▶ EXERCISE BRIEF: From the material below, return exactly the lines starting at the one that holds "زمین با ساری" and ending at the one that holds "Llama Photograph - Framed Print, Oak". Pictures stay out of the answer.

▶ MATERIALS PROVIDED:
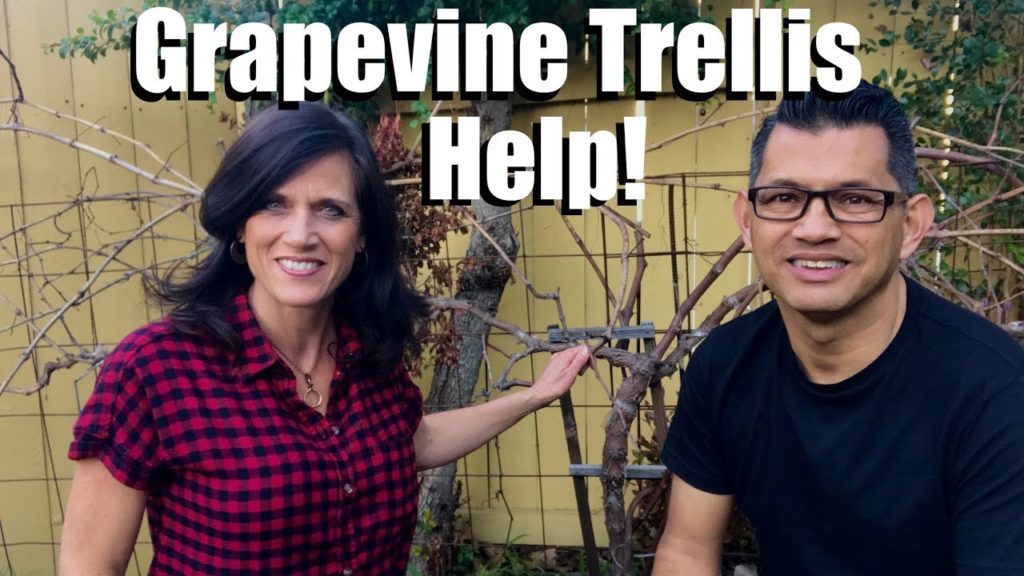 Grapevine Trellis Problem - Help! And Moving Indoor Plants Outside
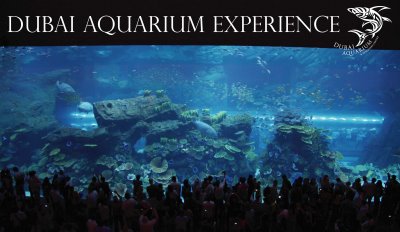 dubai aquarium experiencejpg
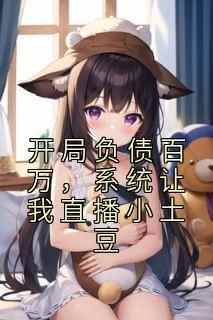 小说开局负债百万,系统让我直播小土豆主角为沈泽张宏远免费阅读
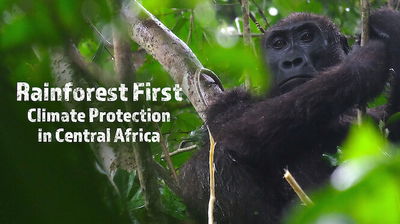 Rainforest First: Climate Protection in Central Africa
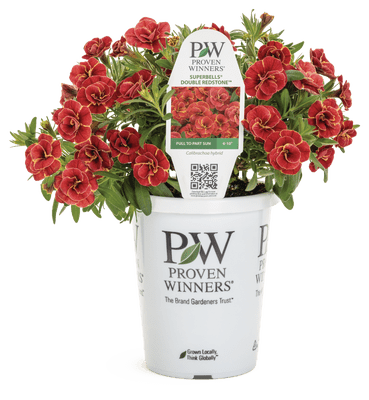 Shop Trailing Annuals - LandscapeDirect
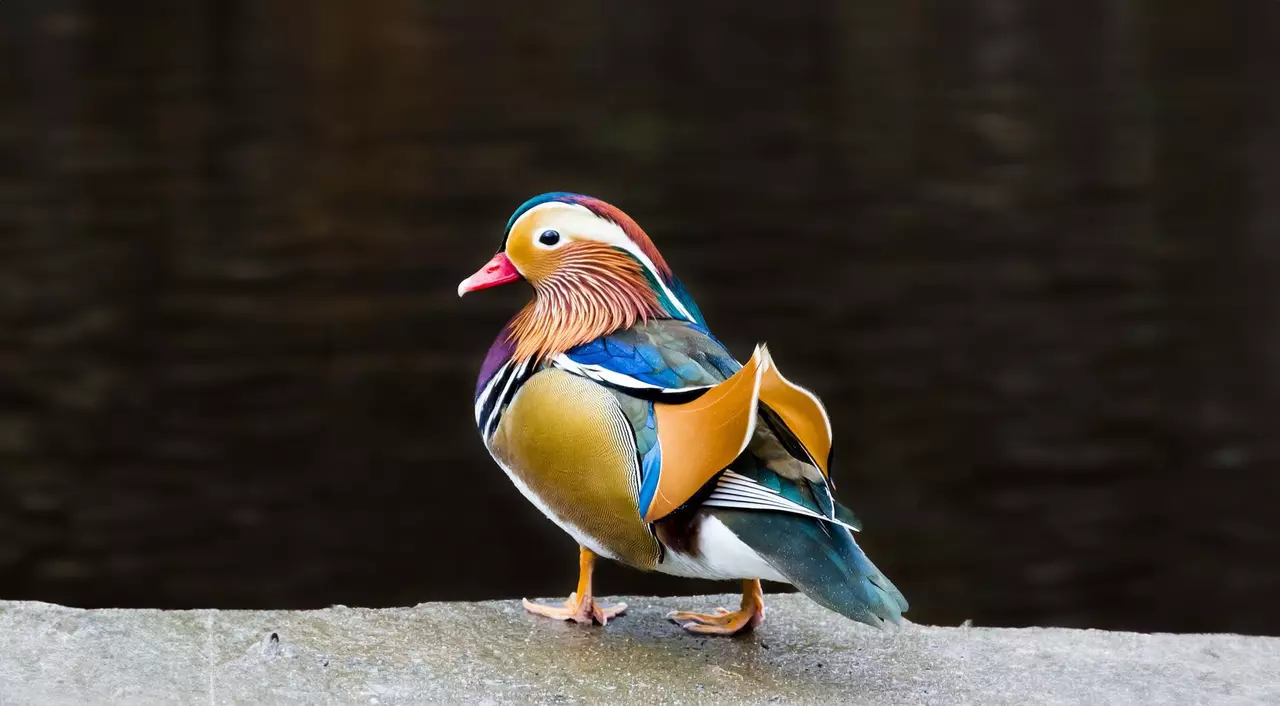 7 of the Most Beautiful Birds on the Planet
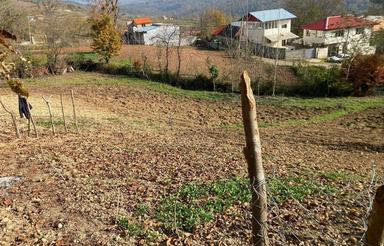 زمین با ساری 45کیلومتر فاصله داره یه جایه سر سبز دنج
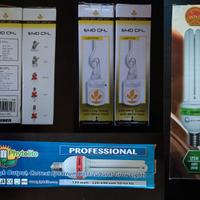 Due Lampade CFL con Portalampade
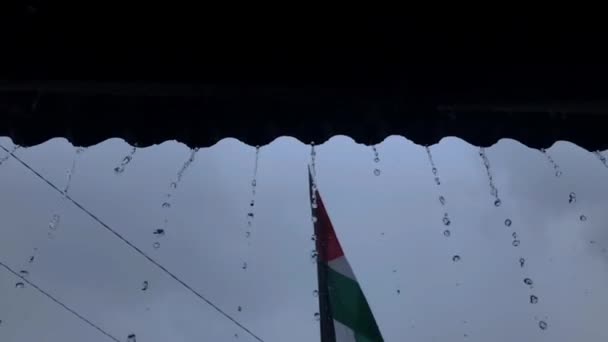 Banderas Palestinas Ondean Bajo Fuertes Lluvias — Vídeos de Stock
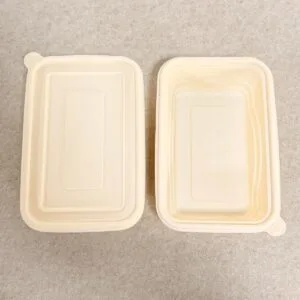 Biodegradable Containers with Lids | Bioleader® Biodegradable Tableware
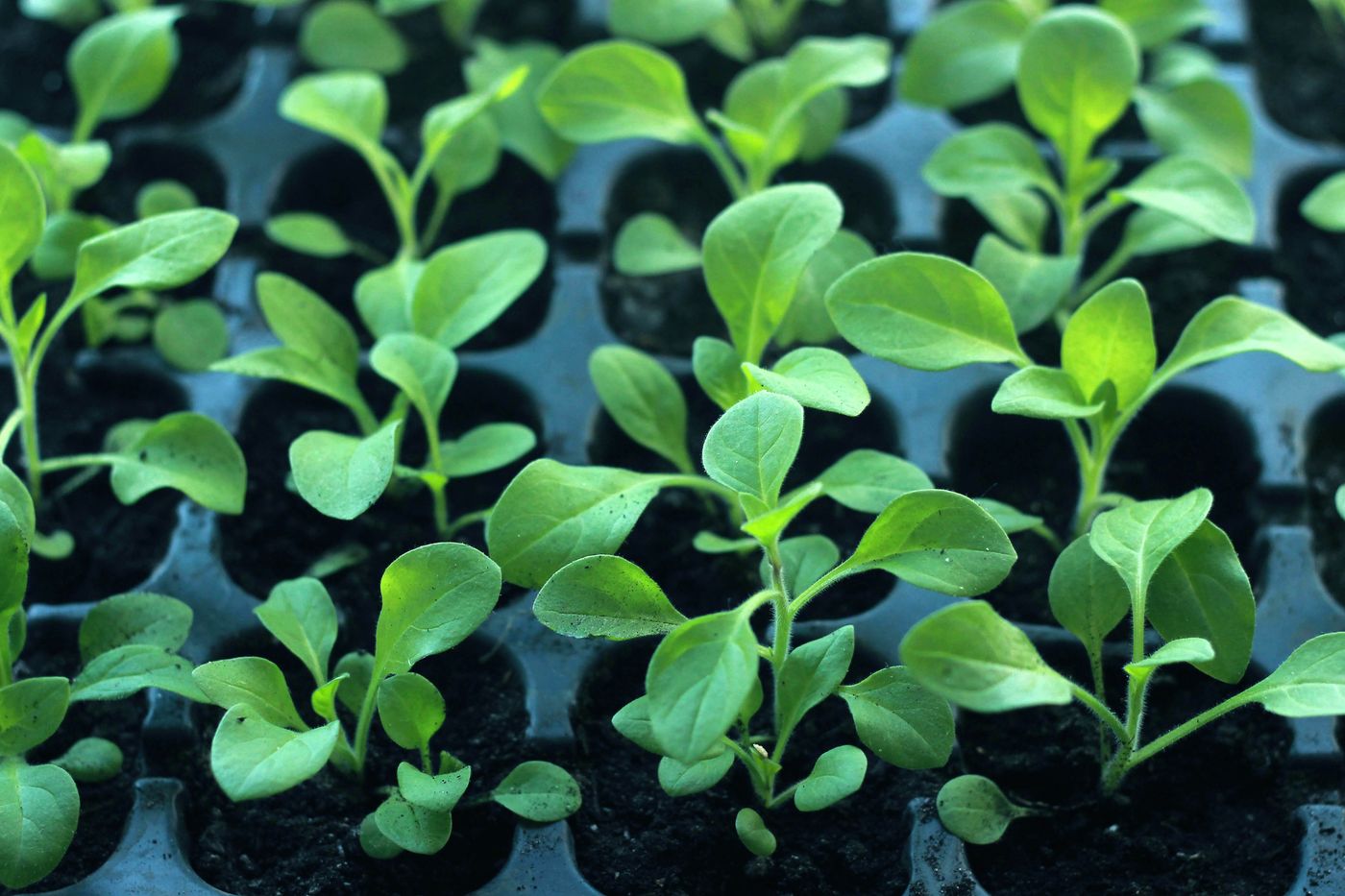 Jeunes plants sur plateau de pépinière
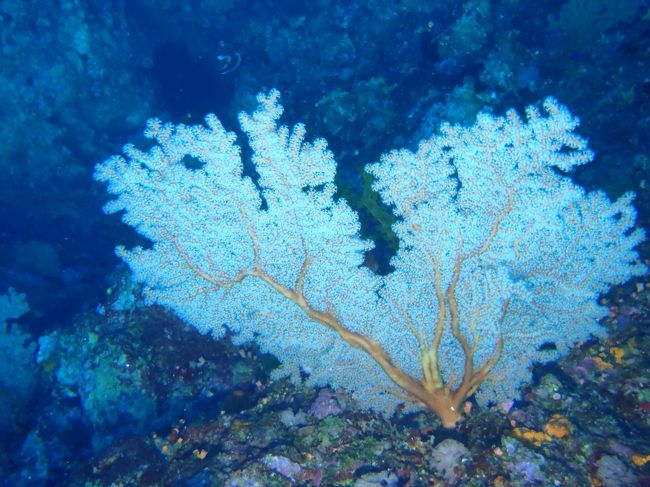ソフトコーラルは綺麗ですね！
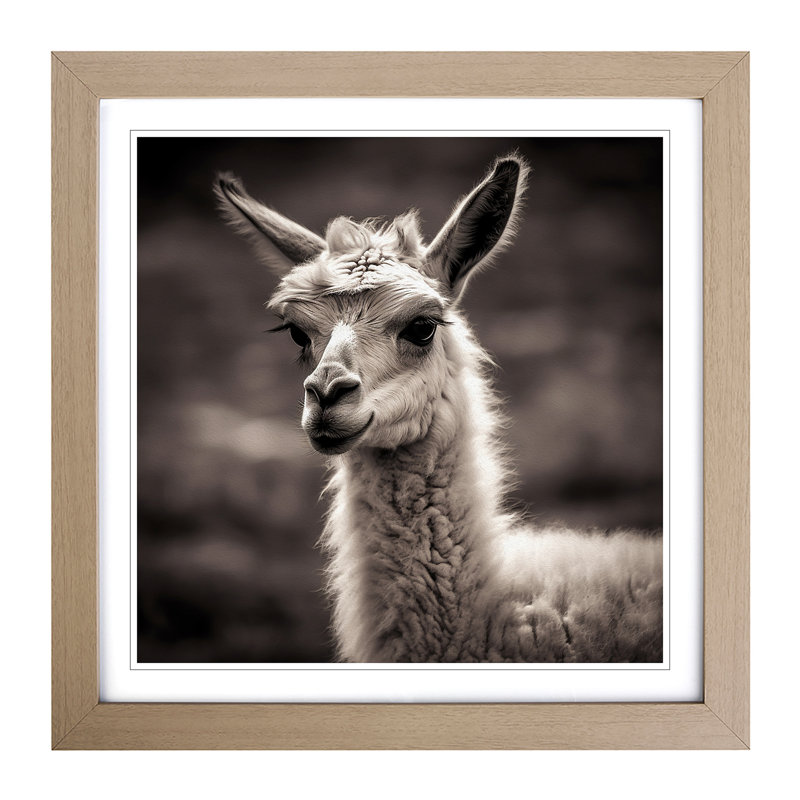 Llama Photograph - Framed Print, Oak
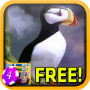 icon 3D Puffin Slots
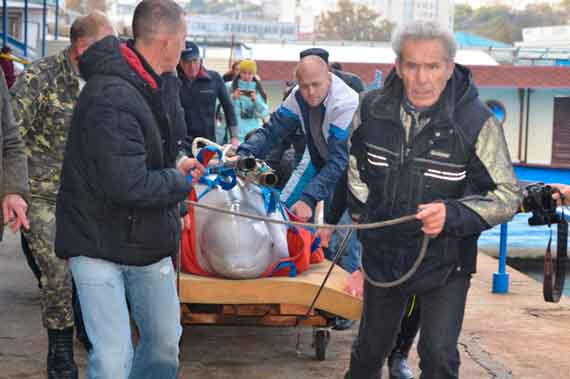 севастопольский дельфинарий продал белуху в Сочи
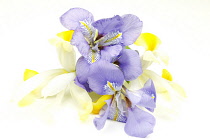 Plants, Flowers, Studio shot of colourful cut Iris stems against white background.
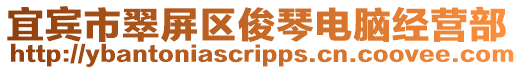 宜賓市翠屏區俊琴電腦經營部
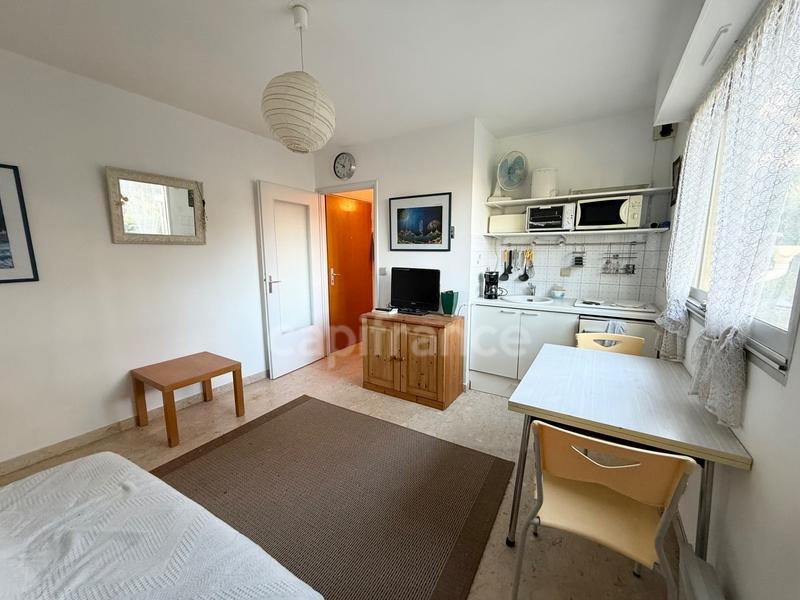 Studio - 19 m² - 1 pièce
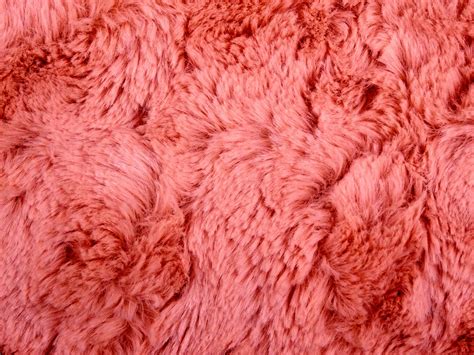 Red Fur Background Free Stock Photo Public Domain Pictures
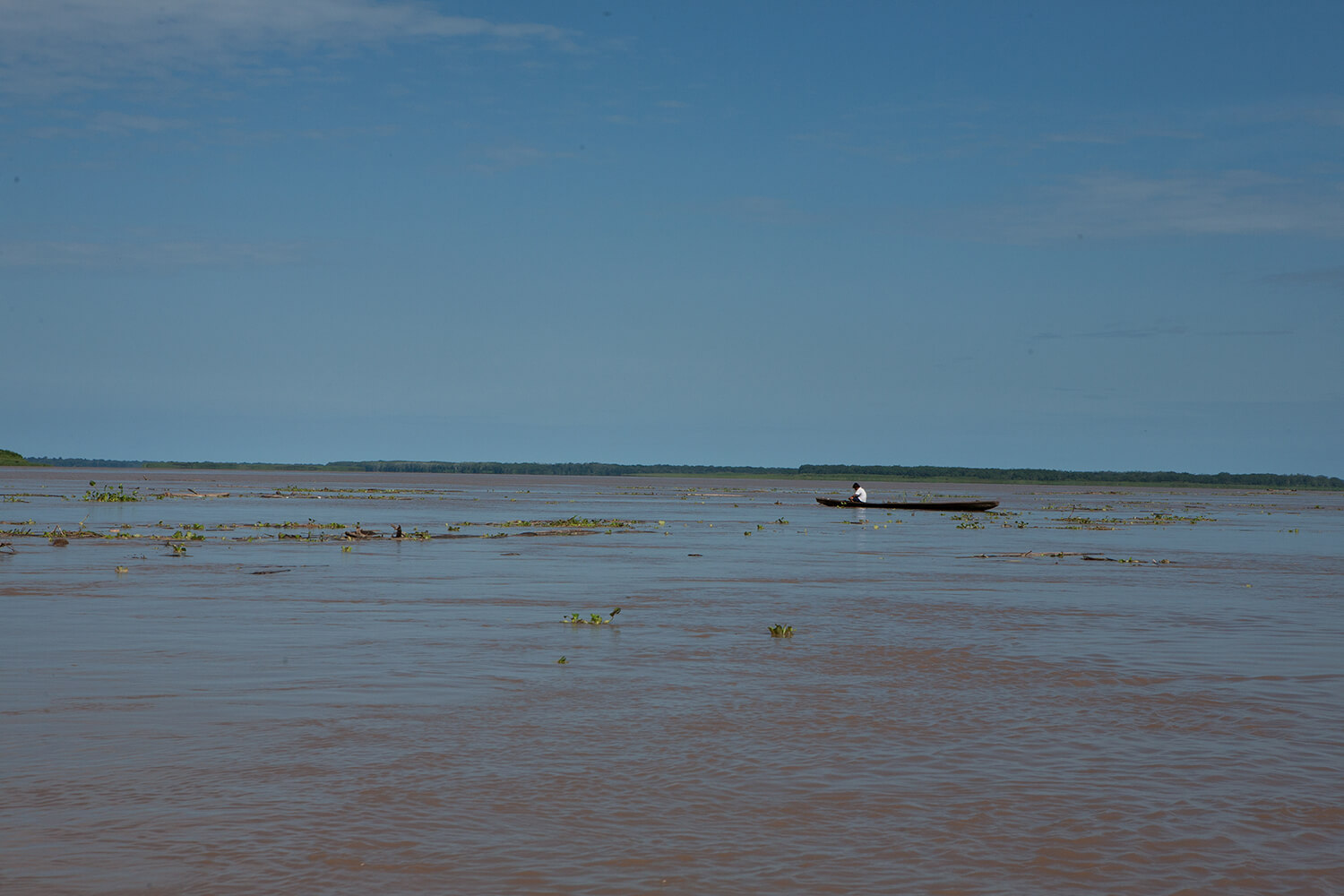 AMAZONAS 14 rio galeria_MG_3977.jpg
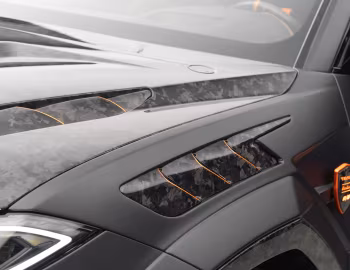 Mansory Venatus SE '2025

▶ SOLUTION FOR THIS EXERCISE:
 زمین با ساری 45کیلومتر فاصله داره یه جایه سر سبز دنج
 Due Lampade CFL con Portalampade
 Banderas Palestinas Ondean Bajo Fuertes Lluvias — Vídeos de Stock
 Biodegradable Containers with Lids | Bioleader® Biodegradable Tableware
 Jeunes plants sur plateau de pépinière
ソフトコーラルは綺麗ですね！
 Llama Photograph - Framed Print, Oak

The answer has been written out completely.